Оказывается, мы отошли от толпы на небольшой выступ. Он выходил прямо к морю – спокойному и ласковому, едва шумевшему. Предки-звёзды маленькими точками отражались в водяной глади, как в зеркале.
Мой взгляд остановился на взгляде Феникса. В нём отражались мечты: смелые, как пламя, голубые, как небеса, светлые, как солнце. Мир, свобода, счастье… И мои глаза. Они отражались драгоценными камнями – такими я не видела их никогда. Сердце замерло в ожидании.
– Мира… Я всё хотел сказать… – пробормотал он.
Пока он говорил, я не удержалась и улыбнулась. Скользнула руками по его шее и обняла, чувствуя почти детскую мягкость его кожи. Такой горячей, что не верилось. Будто внутри и впрямь бушует пожар. А снаружи лишь щёки приобрели нежный румянец.

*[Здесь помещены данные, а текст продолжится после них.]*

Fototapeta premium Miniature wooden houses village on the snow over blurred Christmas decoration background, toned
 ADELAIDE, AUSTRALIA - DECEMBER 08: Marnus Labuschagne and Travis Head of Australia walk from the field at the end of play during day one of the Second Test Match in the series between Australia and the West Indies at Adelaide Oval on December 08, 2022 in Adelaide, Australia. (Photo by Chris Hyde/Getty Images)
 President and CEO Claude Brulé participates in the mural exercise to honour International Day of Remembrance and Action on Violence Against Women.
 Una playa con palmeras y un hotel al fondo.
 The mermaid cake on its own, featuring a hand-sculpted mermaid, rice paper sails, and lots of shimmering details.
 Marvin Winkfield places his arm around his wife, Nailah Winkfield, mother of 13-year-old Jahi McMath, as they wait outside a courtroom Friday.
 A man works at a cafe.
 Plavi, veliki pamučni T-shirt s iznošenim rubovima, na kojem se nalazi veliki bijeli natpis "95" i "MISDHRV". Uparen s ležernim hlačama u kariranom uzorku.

– Что… Что ты хотел сказать, Феникс? – пролепетала я, осматривая его лицо.
Неловко опущенный яркий взгляд, искрящийся огнём. Поджатые от смущения губы. Наливной румянец щёк.
Я наклонилась чуть ближе. Меня тянуло чувство. И оно было непреодолимым. Таким нежным, таким добрым… Таким родным.
– Мира, я… – он поднял на меня взгляд и замолчал, сонно щуря глаза, словно в дурмане.
– Феникс… – прошептала в ответ я, наклоняясь.
Всё ближе… Всё жарче… Всё горит… Почти коснулась… Сердце сейчас сойдёт с ума!
Но вдруг на нос упала… снежинка? Я удивлённо отпрянула. Феникс, кажется, почувствовал это и вновь открыл глаза, чтобы взглянуть на меня.
– Что это?.. – пролепетала я.
– Не может быть… – произнёс Феникс, отворачиваясь. Я проследила за его взглядом и ахнула.
На нас двигалась пурга. Нет, не просто пурга.
Живая снежная буря.
6. Буря
Не представляю, каково сейчас жителям Та-Ааи. Они вряд ли видели снег хотя бы раз в своей жизни. Теперь же за окнами их домов – невероятная пурга, какой даже я не переживала ни разу в жизни.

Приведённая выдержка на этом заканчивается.